▶ _AIM OF THE TASK_:
Take the lines below from the one with "Initial letter TG or GT monogram logo" through the one with "One continuous line" and print only them, exactly. Don't print the pictures.

▶ _DATASET ENTRIES_:
● ● ● ●
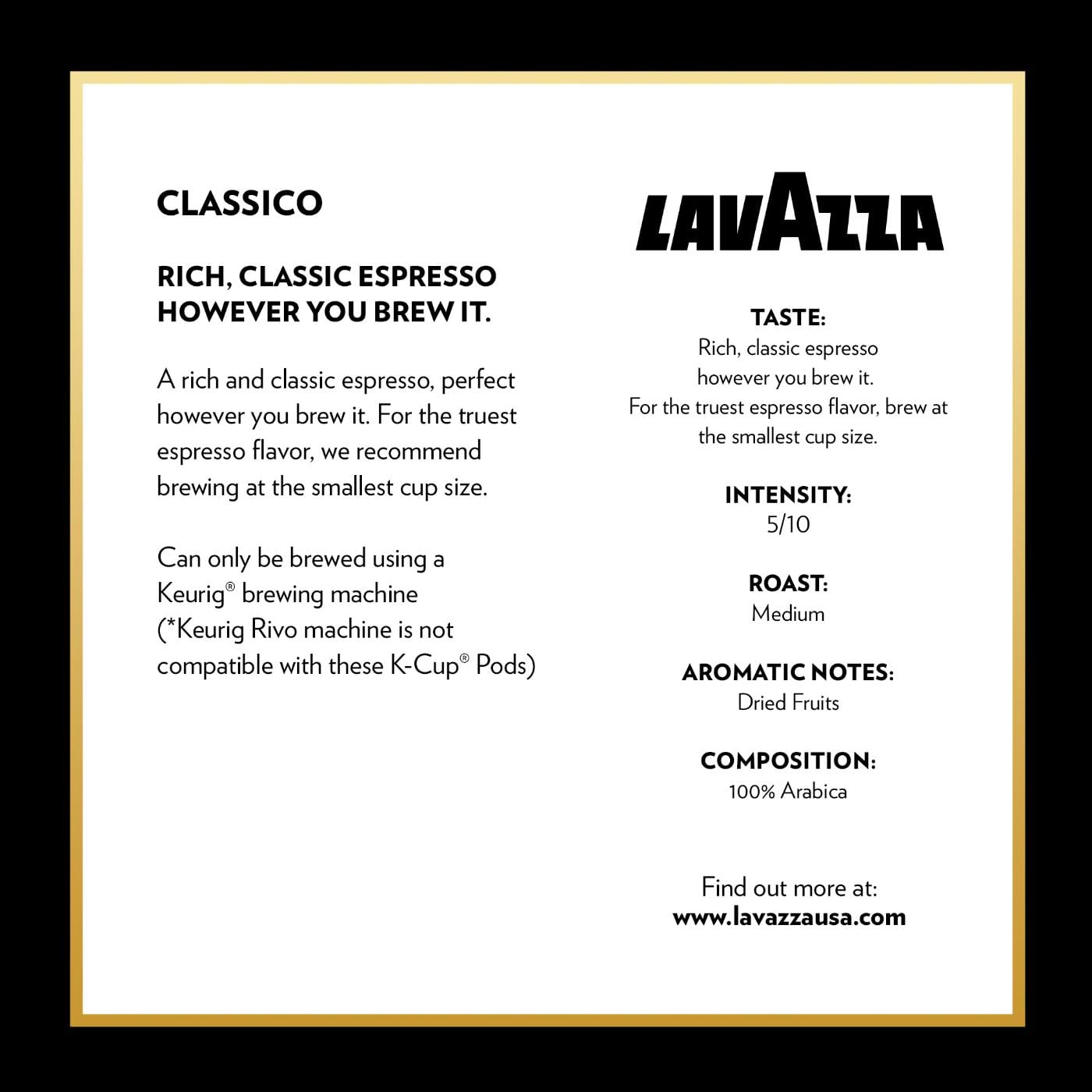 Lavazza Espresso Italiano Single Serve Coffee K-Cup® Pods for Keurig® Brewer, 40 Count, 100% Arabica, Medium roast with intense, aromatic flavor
● ● ● ●
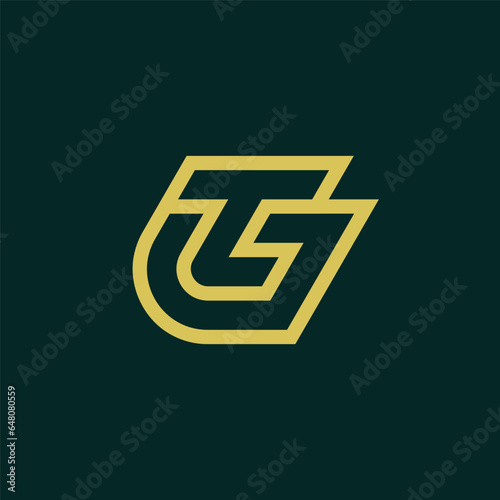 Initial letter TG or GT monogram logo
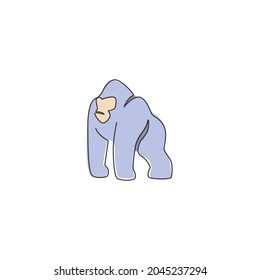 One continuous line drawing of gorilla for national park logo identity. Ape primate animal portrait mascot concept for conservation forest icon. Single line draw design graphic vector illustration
● ● ● ●
▶ _ANSWER TO THIS PROBLEM_:
 Initial letter TG or GT monogram logo
 One continuous line drawing of gorilla for national park logo identity. Ape primate animal portrait mascot concept for conservation forest icon. Single line draw design graphic vector illustration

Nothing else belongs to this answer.